Hello everyone,
I understand the concept behind a run length encoded vector as being just a short representation of a long value repeated vector.
For example :
> rl = Rle(c(1,1,1,1,2,2,2,3,1,1))
> rl
numeric-Rle of length 10 with 4 runs
Lengths: 4 3 1 2
Values : 1 2 3 1
means for the 1
value I have a lenght of 4
for the value of 2
I have a length of 3
an so on.
Now if we construct a Granges
object:
gr1 <- GRanges(seqnames="chr2", ranges=IRanges(c(3,10), c(6,16)),
strand="+")
that looks like that:
gr1
GRanges object with 2 ranges and 0 metadata columns:
seqnames ranges strand
<Rle> <IRanges> <Rle>
[1] chr2 3-6 +
[2] chr2 10-16 +
-------
seqinfo: 1 sequence from an unspecified genome; no seqlengths
and we ask for the coverage
of this object we get:
> coverage(gr1)
RleList of length 1
$chr2
integer-Rle of length 16 with 4 runs
Lengths: 2 4 3 7
Values : 0 1 0 1
I honestly struggle to understand the values and lengths here, I have been reading the manual and other tutorials but haven't found a single place which in detail goes one by one on how coverage is computed and how the Rle
finally gives these values and lengths.
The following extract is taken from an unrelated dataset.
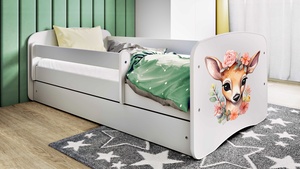 Drveni dječji krevet BAMBI s ladicom - 180x80 cm bijeli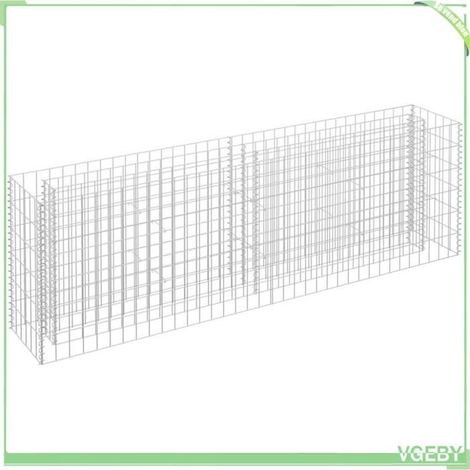 Lit surélevé à gabion - FAFEICY - 145634 - Acier galvanisé - 180x30x60 cm - Argenté (1/5)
If someone could help me out explaining why the first length is 2
and the first value is 0
in this case would be great. thanks
oh yes, now it does.This is an absolute coverage of the genome in question right? it definitely makes more sense when you give a seq length to every chromosome. I'm wondering now if it makes sense to use this function to get the coverage of one granges object relative to another granges object. I believe bestools coverage behave this way with several different bed files but here for granges it seems like coverage should be used to compare the Grange object with its entire length.